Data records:
·····
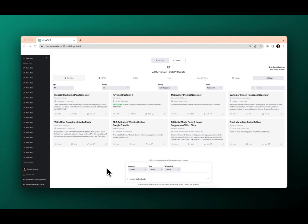Thanks for watching AIPRM tutorials. In this tutorial, I'm going to show you how to create a list. This is really critical if you're building your prompt library.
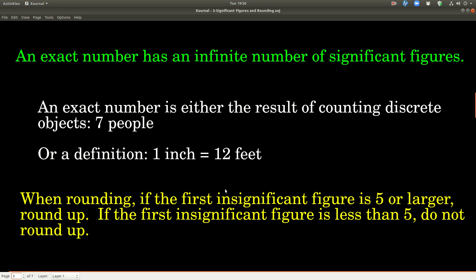An exact number has an infinite number of significant figures — more precision than any other number you're going to deal with. Exact numbers come from two places: counting discrete objects (if you count 7 people, that 7 is exact, because 7.1 people would be really gross), or from a definition — for example, 1 inch equals 12 feet. That 1 and that 12 are exact numbers.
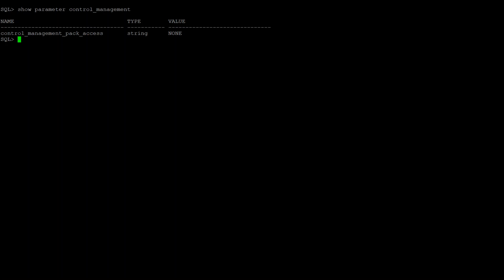If you have bought it and want to enable it, then in order to enable the diagnostic pack, you need to issue this command: alter system set control_management_pack_access equals diagnostic.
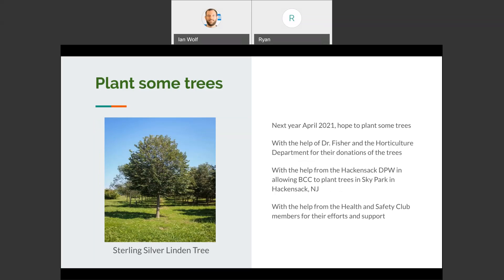This next initiative was a really great idea. I'm sorry about how 2020 went, but I'm hoping that in 2021 we can actually plant some trees. This is all spearheaded by Dr. Fisher and the Horticulture Department, who donated the trees for BCC. I worked with the DPW of Hackensack to allow us to plant trees in a park called Sky Park in Hackensack, New Jersey. The whole point was to go to a park with a group of faculty, staff, and students, pick an area, plant some seeds, and try to grow life. What better way to help the environment than to actually grow trees that help create oxygen for us? Hopefully everything will change for the better and we can do this next year.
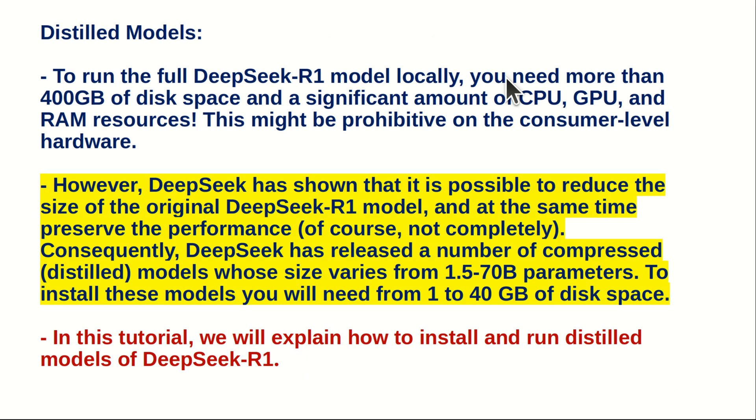So, let's explain what are the distilled models. To run the full DeepSeek R1 model locally, you need more than 400 GB of disk space and a significant amount of CPU, GPU, and RAM resources.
·····
— TASK TO CARRY OUT —
Your copy should match the records above exactly, except that it contains no pictures.

— SOLUTION TO THE PROBLEM —
Thanks for watching AIPRM tutorials. In this tutorial, I'm going to show you how to create a list. This is really critical if you're building your prompt library.
An exact number has an infinite number of significant figures — more precision than any other number you're going to deal with. Exact numbers come from two places: counting discrete objects (if you count 7 people, that 7 is exact, because 7.1 people would be really gross), or from a definition — for example, 1 inch equals 12 feet. That 1 and that 12 are exact numbers.
If you have bought it and want to enable it, then in order to enable the diagnostic pack, you need to issue this command: alter system set control_management_pack_access equals diagnostic.
This next initiative was a really great idea. I'm sorry about how 2020 went, but I'm hoping that in 2021 we can actually plant some trees. This is all spearheaded by Dr. Fisher and the Horticulture Department, who donated the trees for BCC. I worked with the DPW of Hackensack to allow us to plant trees in a park called Sky Park in Hackensack, New Jersey. The whole point was to go to a park with a group of faculty, staff, and students, pick an area, plant some seeds, and try to grow life. What better way to help the environment than to actually grow trees that help create oxygen for us? Hopefully everything will change for the better and we can do this next year.
So, let's explain what are the distilled models. To run the full DeepSeek R1 model locally, you need more than 400 GB of disk space and a significant amount of CPU, GPU, and RAM resources.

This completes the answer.